In my case, two and a half years later, I’m still trying to figure out what the Lord meant about my returning to Utah. But I think it’s important that He waited to tell me until after I had made my decision. For some reason, God knew that I would need the time and the opportunity to figure this out for myself, and that this process would be a crucial test of faith that would help me grow in ways I could not yet understand. Contrary to my lifelong view, I think God sometimes sits back and stays quiet, even on the big decisions, because He knows we are ready for the growth.
As President Nelson said in general conference, “I urge you to stretch beyond your current spiritual ability to receive personal revelation, for the Lord has promised that ‘if thou shalt [seek], thou shalt receive revelation upon revelation, knowledge upon knowledge, that thou mayest know the mysteries and peaceable things—that which bringeth joy, that which bringeth life eternal.’”

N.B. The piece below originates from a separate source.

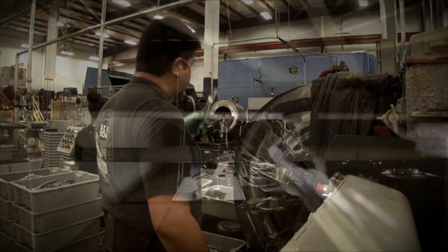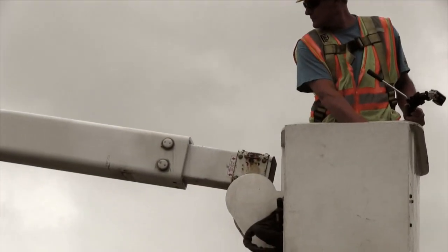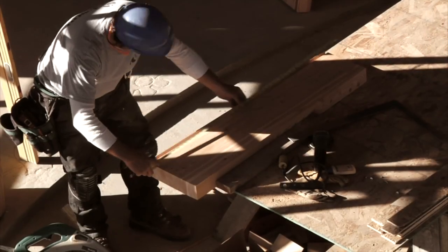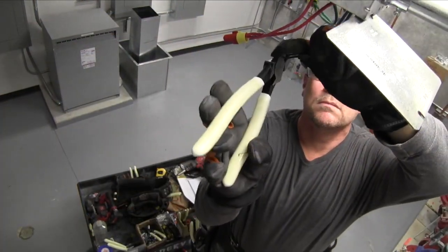We understand the power of a single tool — the power to define not just a profession, but a livelihood. And while Klein has grown with the global economy, we've never lost our commitment to the American tradesmen that have trusted our tools for over a century and a half.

Even though I still have a long way to go in my journey, I know that the Lord has not abandoned me in my endeavor, but is instead giving me an incredible opportunity to exercise the faith I have developed over the years. Most importantly, in spite of the challenge, I know He is still there, holding my hand just as before, but waiting for me to make the next move.
Christine Beck lives and works in Boston, Massachusetts. She is a podcast fanatic and loves hiking, puzzles, and exploring the New England area with her friends and family.